Wednesday, June 01, 2005

Costello's budget prepares for the future

The response to the 2005-06 federal budget illustrated the extent to which economists are stuck in policies of the Keating era.

The dominant critique of the budget was that its centrepiece, the tax cut and tax-threshold increase, was irresponsible in the extreme;  that they would add demand pressure to an already supply-constrained economy and thereby force the Reserve Bank of Australia to increase interest rates;  that they would give permanent tax cuts with temporary revenue, thereby putting pressure on future budgets;  and that they failed to save for the future demands of an ageing population.

This is unreconstructed Keynesian economics, much beloved by Keating, which was based on the belief that governments can and need to use fiscal policy as an active tool to micro-manage the pace of the economy.  It also assumes that government should and can be responsible for increasing savings and for funding us in our old age.

Even a cursory look back over data from the Keating years shows the flaws of this approach.  The growth path of the economy matched that of a roller-coaster.  Fiscal policy accentuated the volatility of the economy.  Admittedly they were exciting times for economists, particularly those with the task of predicting the pace of the economy, but investors and savers do not want excitement or volatility.

The simple fact is:  governments do not save, only people do.  Governments spend.  Governments take funds via taxation from people.  The act of extracting money through taxation, particularly in Australia with its high rates of tax on savings, diminishes savings.  It encourages immediate consumption rather than savings.

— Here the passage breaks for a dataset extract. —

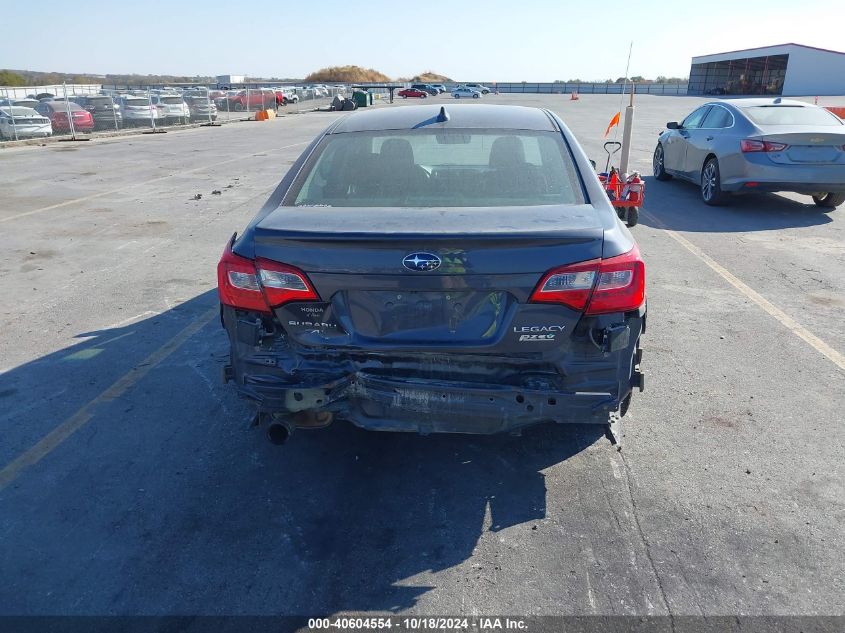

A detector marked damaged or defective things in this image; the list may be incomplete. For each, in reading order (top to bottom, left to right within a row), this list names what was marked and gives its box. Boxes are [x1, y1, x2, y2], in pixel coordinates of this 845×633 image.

broken tail light [218, 238, 320, 312]
damaged subaru legacy [218, 105, 648, 444]
broken tail light [532, 247, 644, 316]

As for coping with an ageing population, the government's main role must be to ensure that its many programs from welfare to industrial relations to taxation, do not inhibit people from taking care of themselves.

Treasurer Peter Costello from his first budget rejected the Keating approach and adopted a stance of fiscal stability biased towards savings.  The states have done the same, at least up to this year.  That is, since Keating, governments have maintained small, stable budget surpluses with surpluses and the proceeds of asset sales used to reduce debt.  Money left over after a surplus is achieved has been used to fund tax cuts and/ or additional spending.  This stance has added to the stability of the economy and has allowed governments to reduce net debt by $136 billion, thereby improving their ability to meet the demands of an ageing population.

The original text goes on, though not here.